▶ _Provided material_:
------------
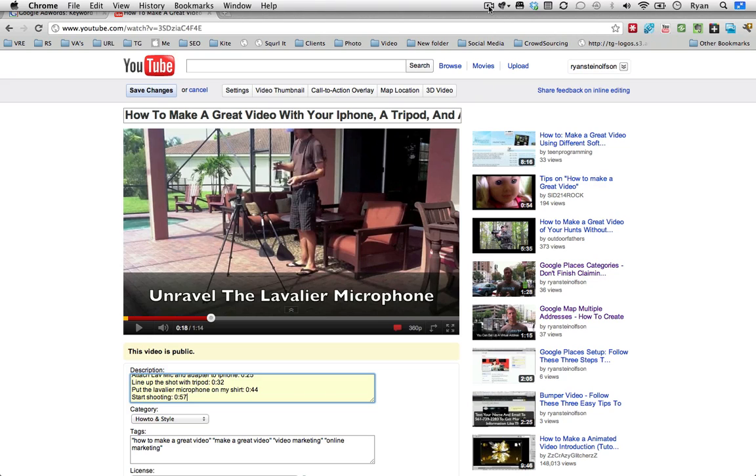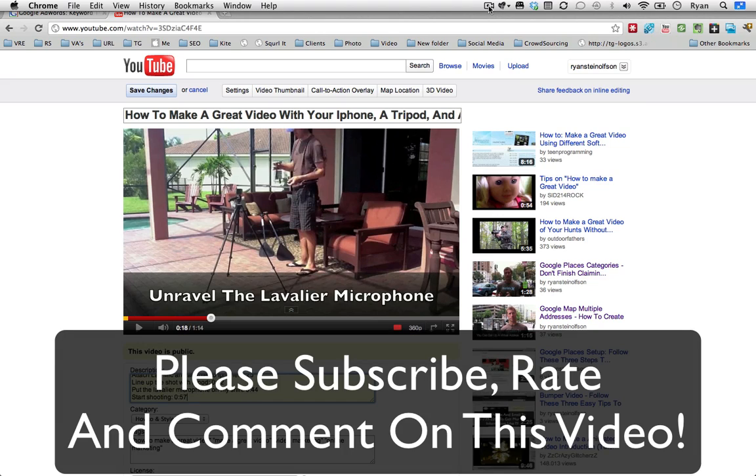Please subscribe to the channel if you want to get updated information on how to get more views and generally make your YouTube channel better. Thanks. Bye.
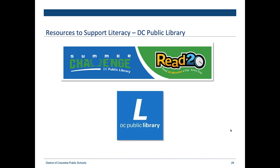The public library has the Read 20 Challenge again this summer — reading 20 minutes a day. Every member of the family can get a prize for participating. At the end of the day, we want students to be intrinsically motivated to read, but sometimes we need extrinsic motivation too. So that's one way you might engage with reading with your child this summer, and you can take part as well.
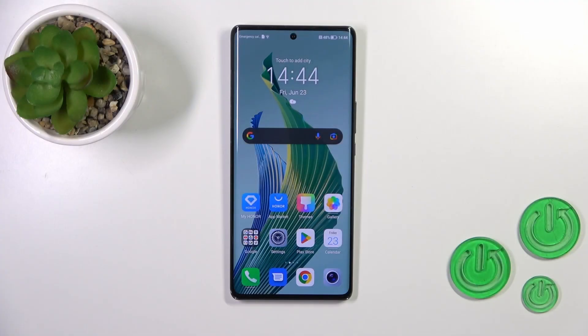Hi, this is the Honor Magic 5 Lite and I'll show you how to change icon size with the X-Icon Changer app on this device.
------------
▶ _Task_: Only an exact copy of the lines from the one with "The public library" through the last line of the data above is wanted, and no pictures.

▶ _Your response_:
The public library has the Read 20 Challenge again this summer — reading 20 minutes a day. Every member of the family can get a prize for participating. At the end of the day, we want students to be intrinsically motivated to read, but sometimes we need extrinsic motivation too. So that's one way you might engage with reading with your child this summer, and you can take part as well.
Hi, this is the Honor Magic 5 Lite and I'll show you how to change icon size with the X-Icon Changer app on this device.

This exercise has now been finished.